The fellow who sets aside 30 minutes three times a week for
training and sticks with it will be way ahead of someone who
trains according to whim. A guy who begins squatting with
100 pounds will, if he adds just 2 1/2 pounds a week, be squatting
with 60 percent more weight in six months. You might not feel
that you’ve increased the resistance by much, but a
60 percent increase indicates substantial development. Whatever
your starting weight, that kind of improvement can be yours,
if you work out patiently and sensibly.
Contrast that with the sort of approach one so often encounters:
Desperate for gains, a young man dives into training, forcing
himself to use 110 pounds as a startup weight. It’s
agony, but he wants muscles now. Week 2 sees a whopping 10-pound
increase. Imagine, he’s squatting with 120 pounds while
lazy, slow Mr. Systematic is only handling 102 1/2 pounds.

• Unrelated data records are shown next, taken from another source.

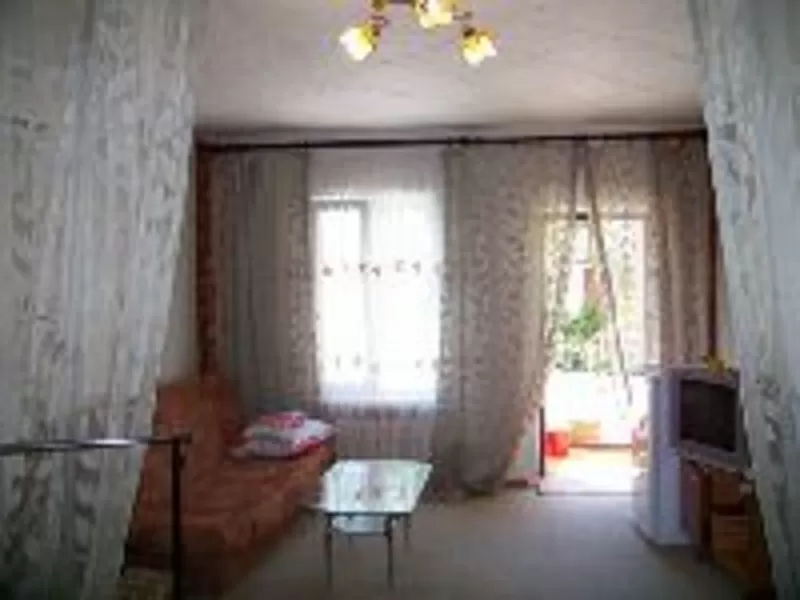 Квартира в Феодосии для отдыха в Крыму 3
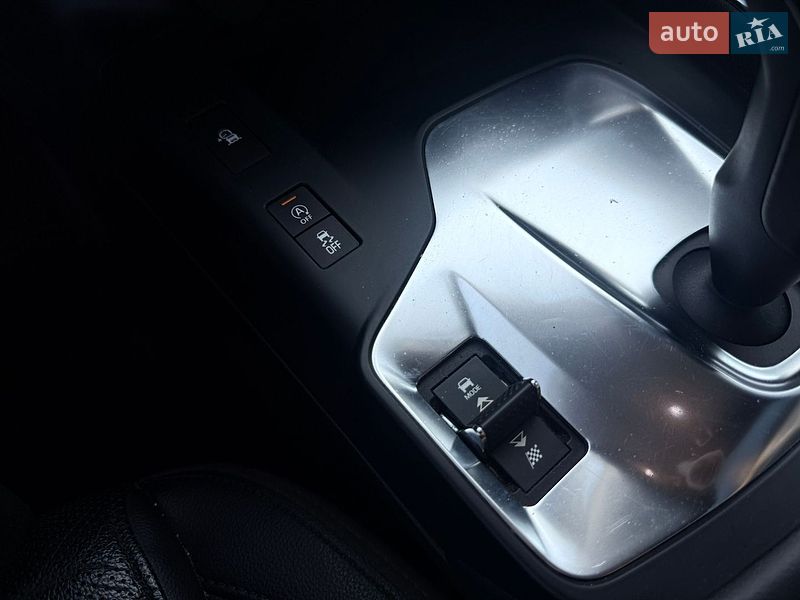 Позашляховик / Кросовер Jaguar E-Pace 2018 в Львові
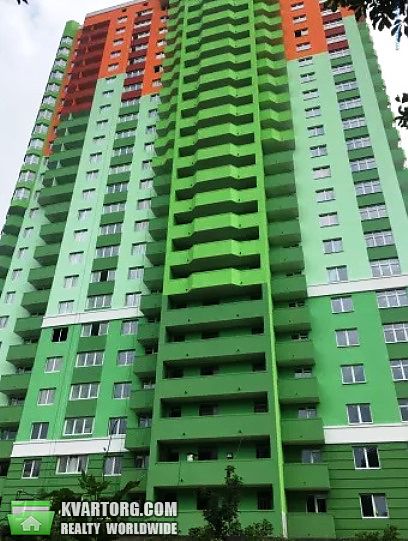 Sell 3-room apartment. Киев,  Отрадный пр — photo 1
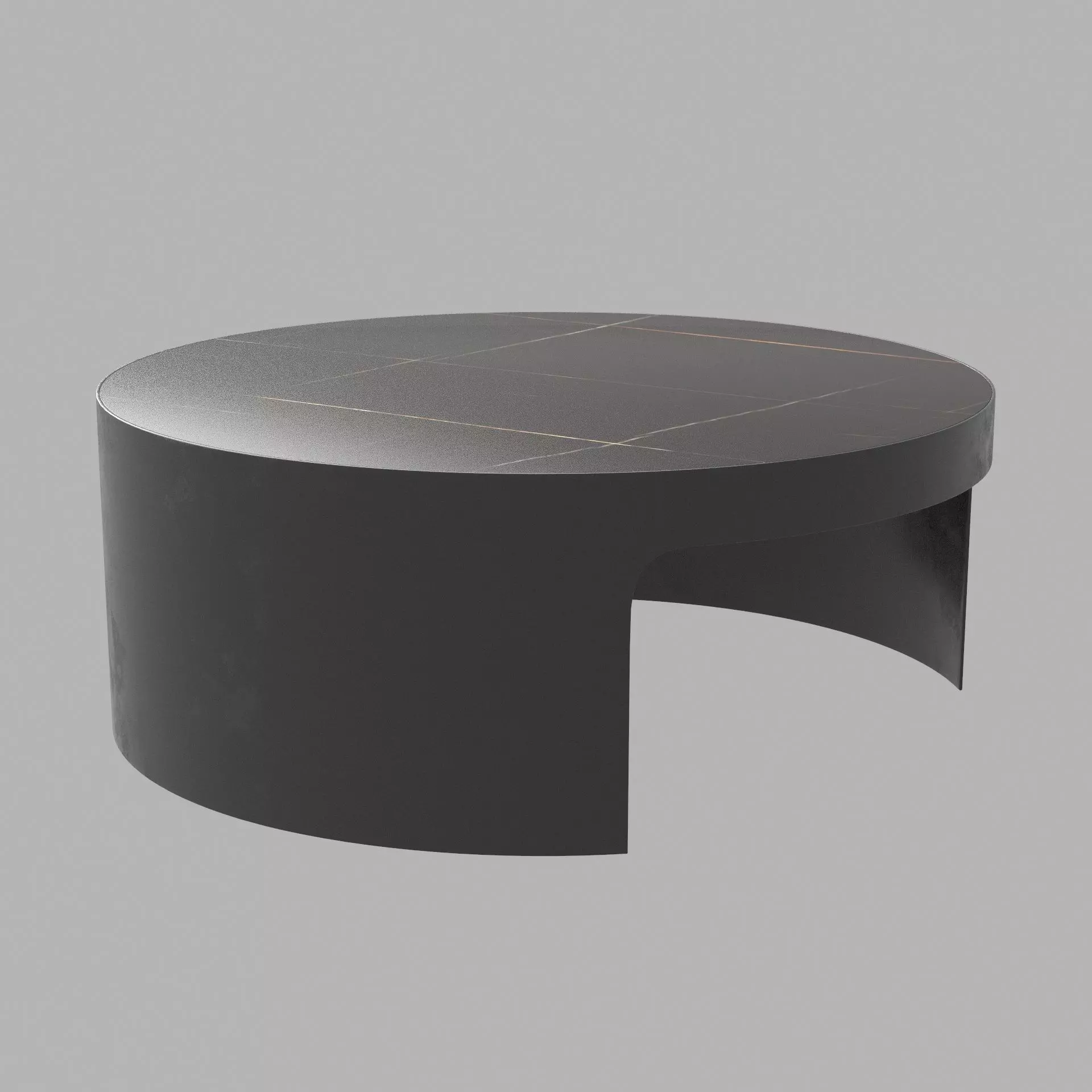 Zosmaxusq Coffee Table 3D model_2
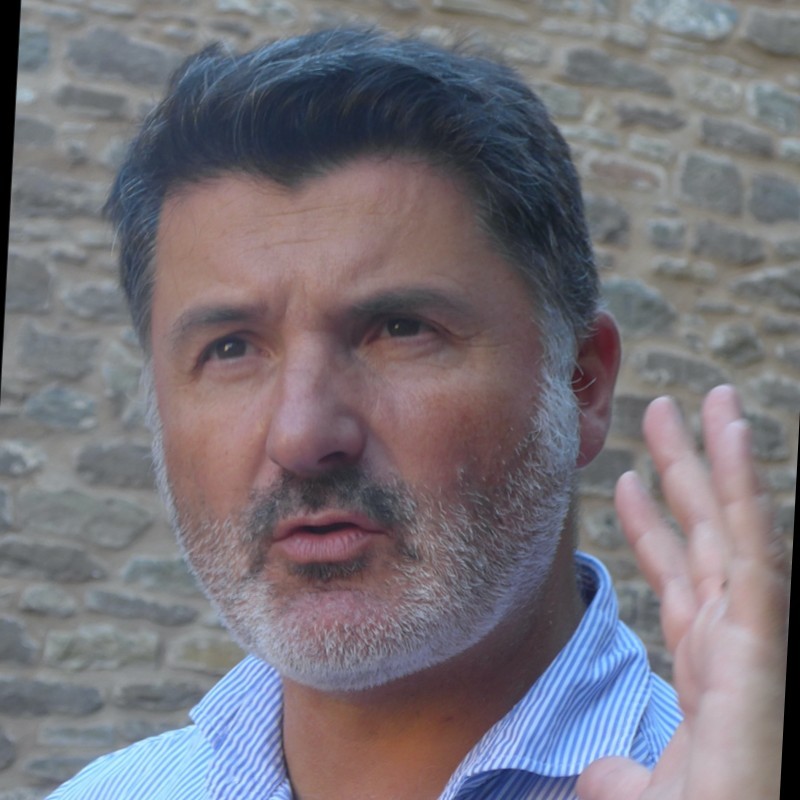 Rémi ROUSSELOT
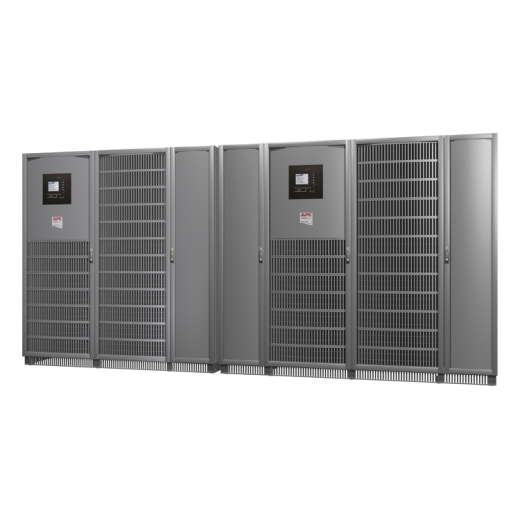 MGE UPS Galaxy 7000 options Front Left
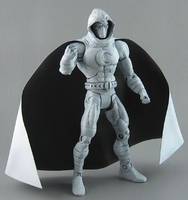 Moon Knight (DC Universe) Custom Action Figure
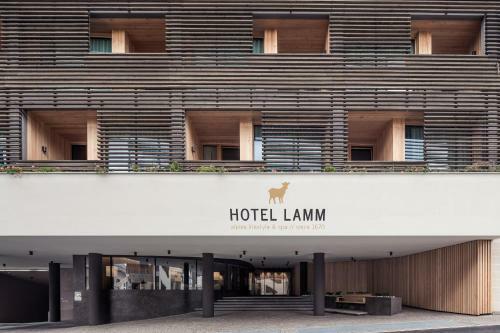 Falkensteiner Hotel Lamm Kastelruth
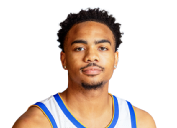 Ishmael Leggett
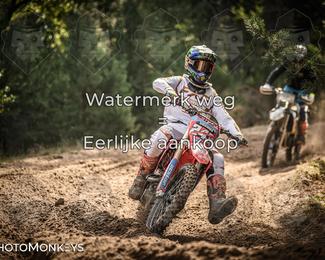 Foto's Offroad Rit Eindhoven/ KTM-Dag 03-10-2026 | Zaterdag photo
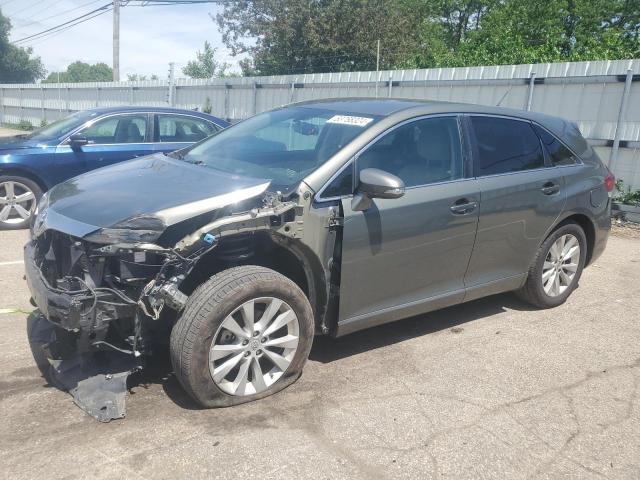 toyota venza 2014 4t3za3bb4eu083939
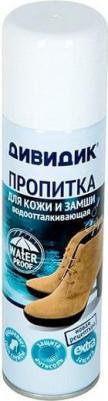 Аэрозоль-пропитка водоотталкивающая сверхсильная бесцветная 300 мл – фото 11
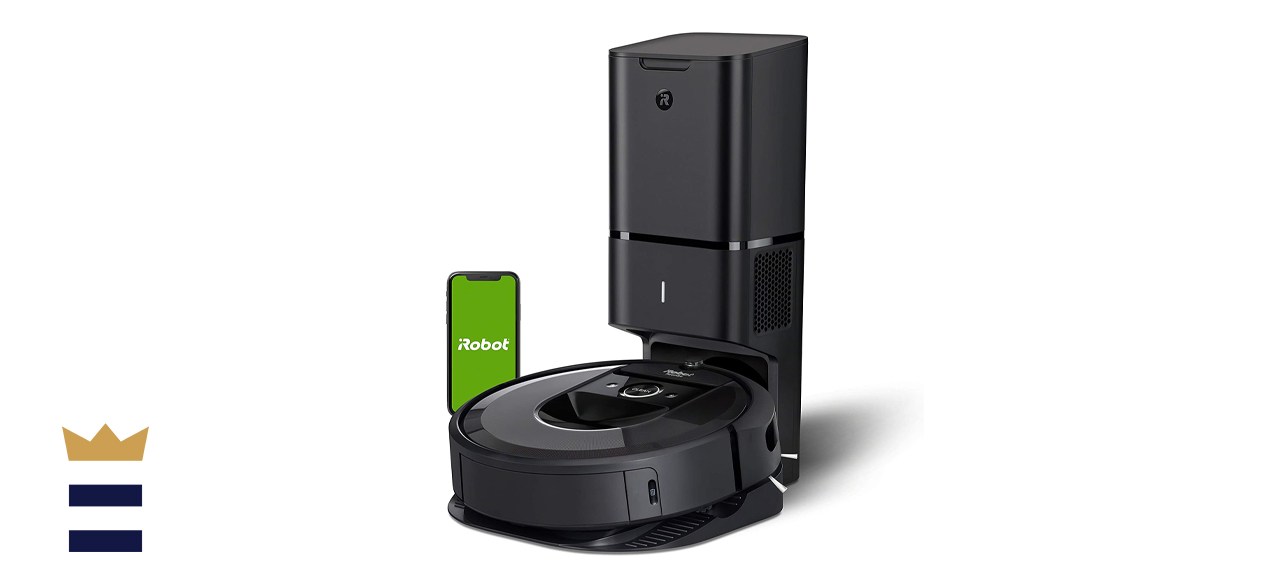 iRobot Roomba i7+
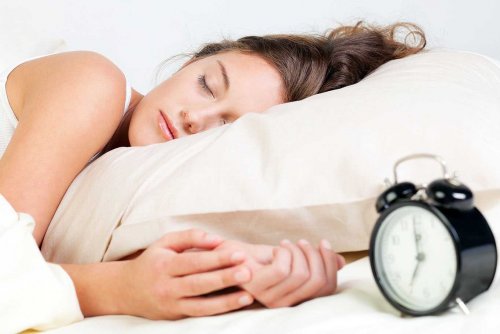 Сон помогает запоминать информацию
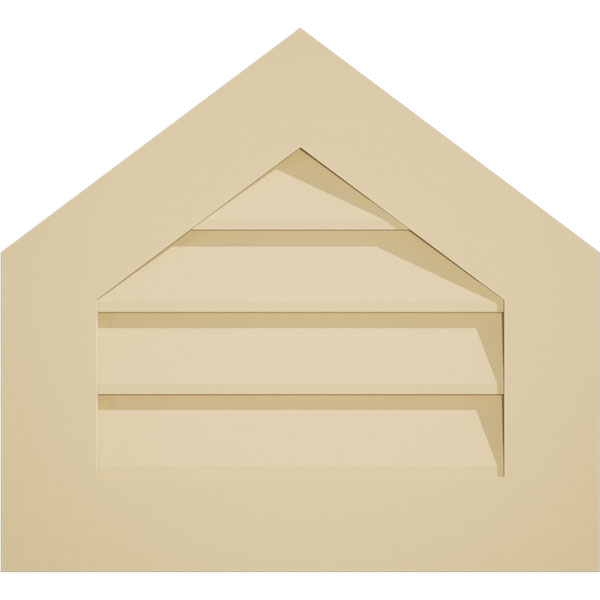 Ekena Millwork GVSPE22X2001SN-09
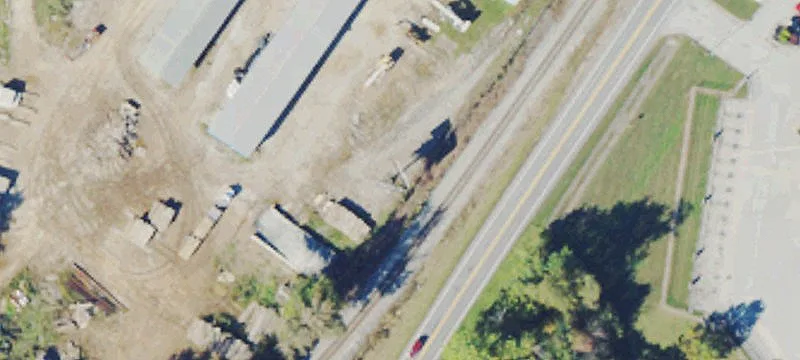 Williams Hwy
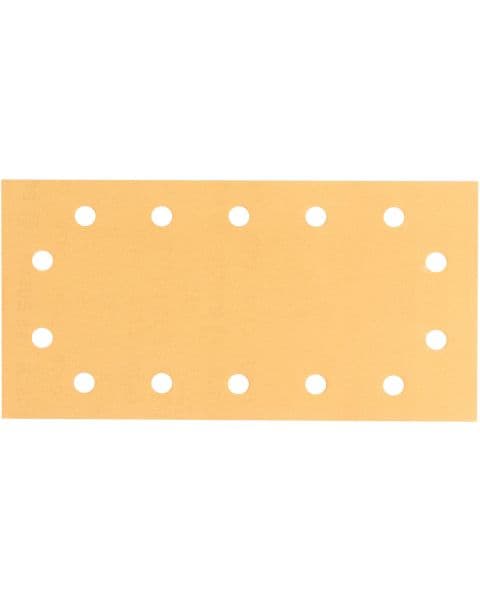 Bosch brusni list C470, pakovanje od 10 komada 115 x 230 mm, 400 pakovanje od 10 komada - 2608605271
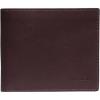imageCoach Slim Bifold in Sport Calf Saddle One SizeMahogany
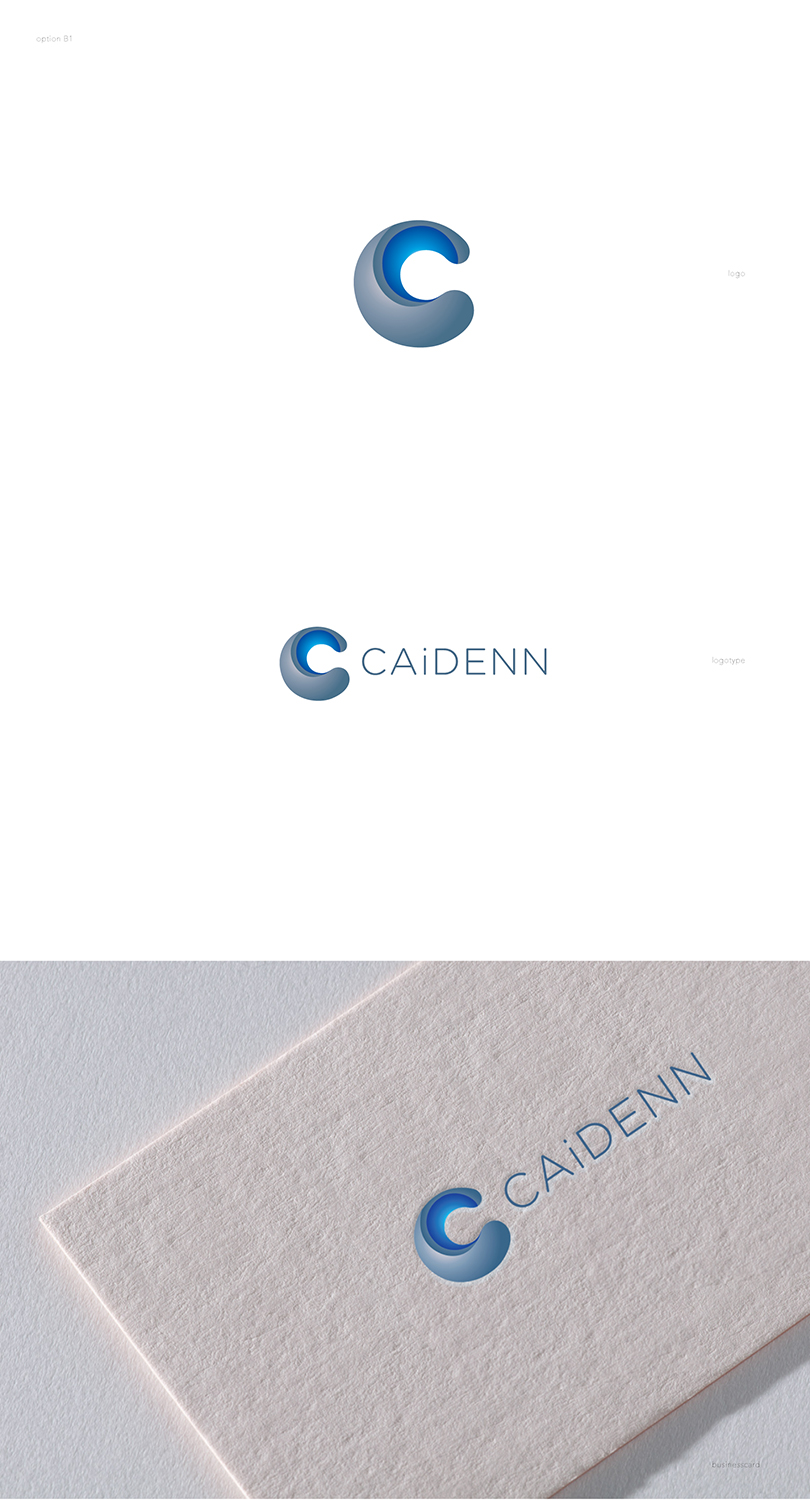 Logo Design by misteryeow for this project | Design #11831322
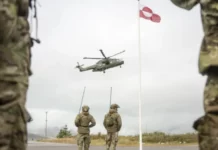 Groenlandia destaca que acuerdo con EEUU preserva integridad territorial y soberanía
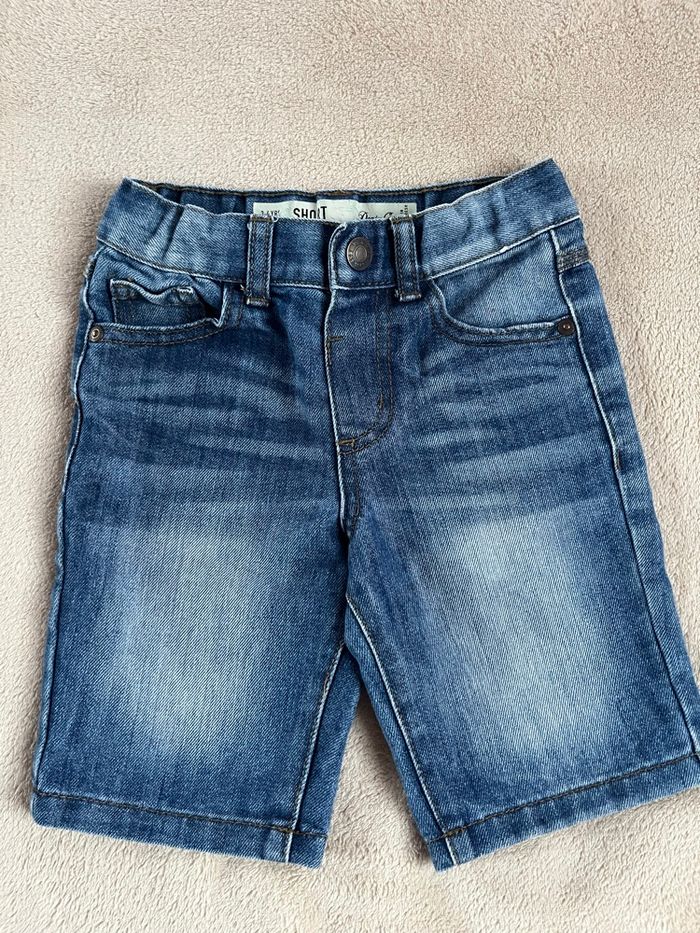 Lot de vêtements pour garçon | Coton | taille 3-4ans - photo numéro 2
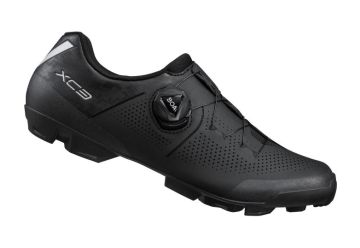 Shimano SH-XC302WL černá - 1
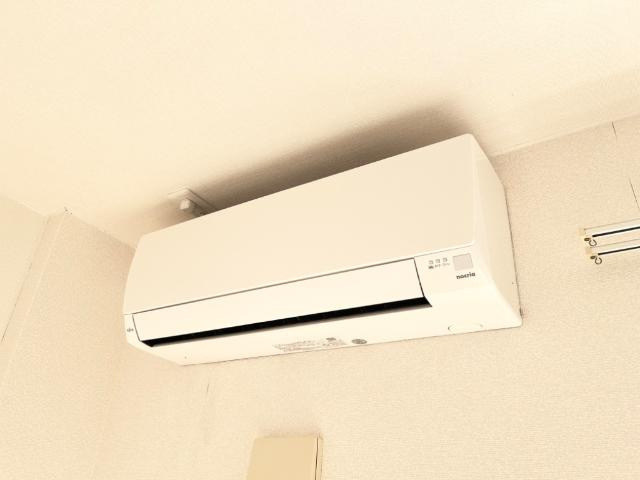 フラワーハウスの設備|室内設備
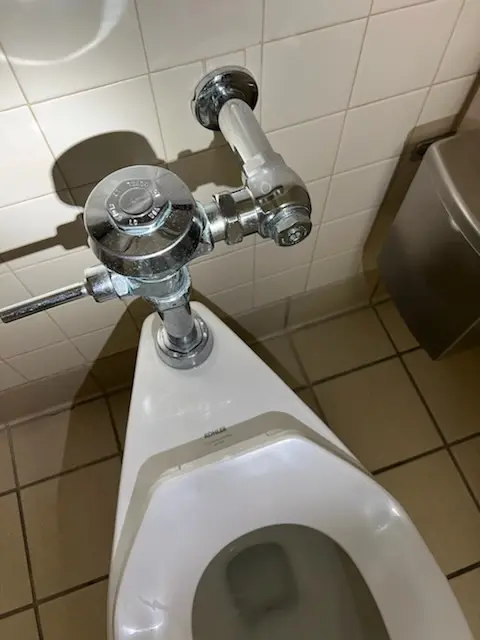 Fixture installation and repair for Pipe Repair in Parish Center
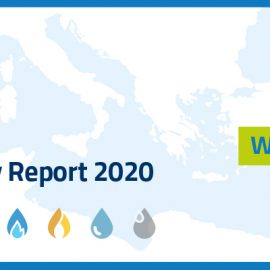 MED & Italian Energy Report – Join the webinar
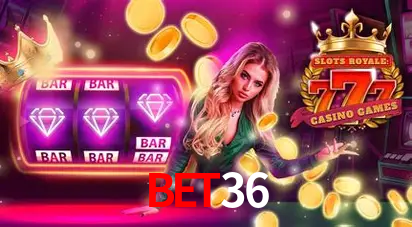 Desvendando o Mundo dos Jogos Virtuais na BET36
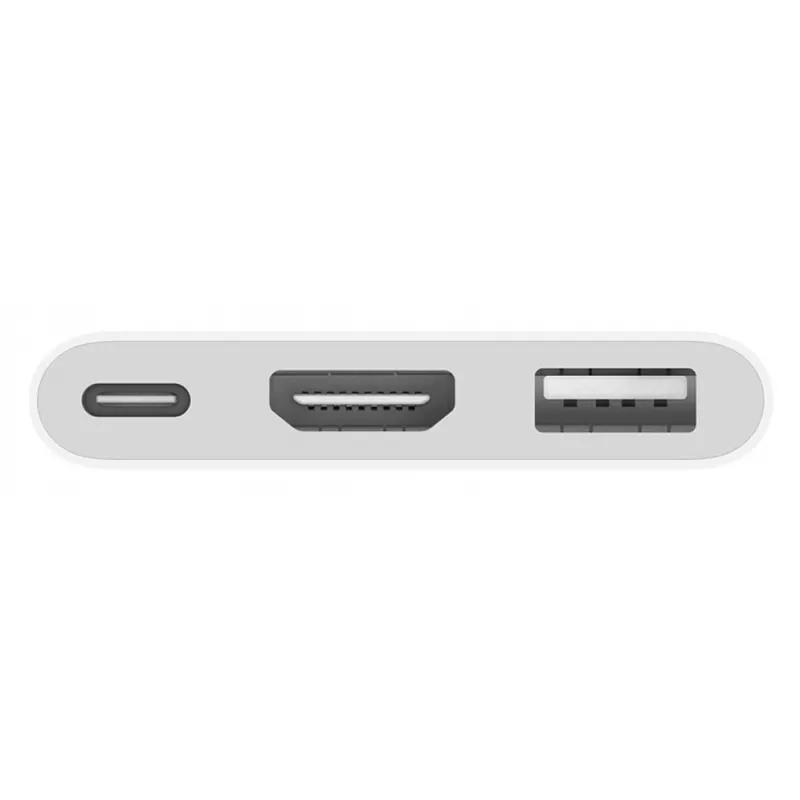 APPLE USB-C Digital AV -moniporttisovitin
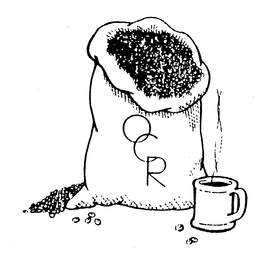 OCR trademark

Why, he’ll have fabulous development in no time at all.
By the fourth week the systematic trainee is squatting with
107 1/2 pounds. His energy is through the roof. He feels like
Mr. Universe, even if he doesn’t look like him yet.
He looks forward to his workouts, which leave him feeling
wonderful. He’s filled with optimism about his potential.
Mr. No Patience, on the other hand, is trying to move 140
pounds, but it’s too much. His muscles simply haven’t
developed in step with the exorbitant demands placed on them.
He hates training. He can’t continue the workouts.
By the fifth week the systematic trainee is using 110 pounds.
He feels fantastic, and his physique is visibly improving.
The other fellow has quit.
Sound uncomfortably familiar? Accept the fact that you are
who and what you are. Start from there. Set up a reasonable
schedule that will let you, over time, realize your potential.
You can and will achieve your optimum development if you train
correctly. That means basic, regular, hard workouts that develop
you rather than deplete you.
Be patient. Take your time. Add weight, yes, but only in small
amounts and only when your body has acquired the strength
to benefit from the additional effort. If you’re strong
enough to train properly with 35 pounds, that’s the
weight you should use. Once 35 pounds ceases to cause too
much effort, put a bit more on the bar. Over time, you’ll
make excellent, safe, very satisfying progress.
I can never know the exact mental state of readers when my
words reach them. Wherever you are, though, you cannot go
wrong with this approach. It works. Do it.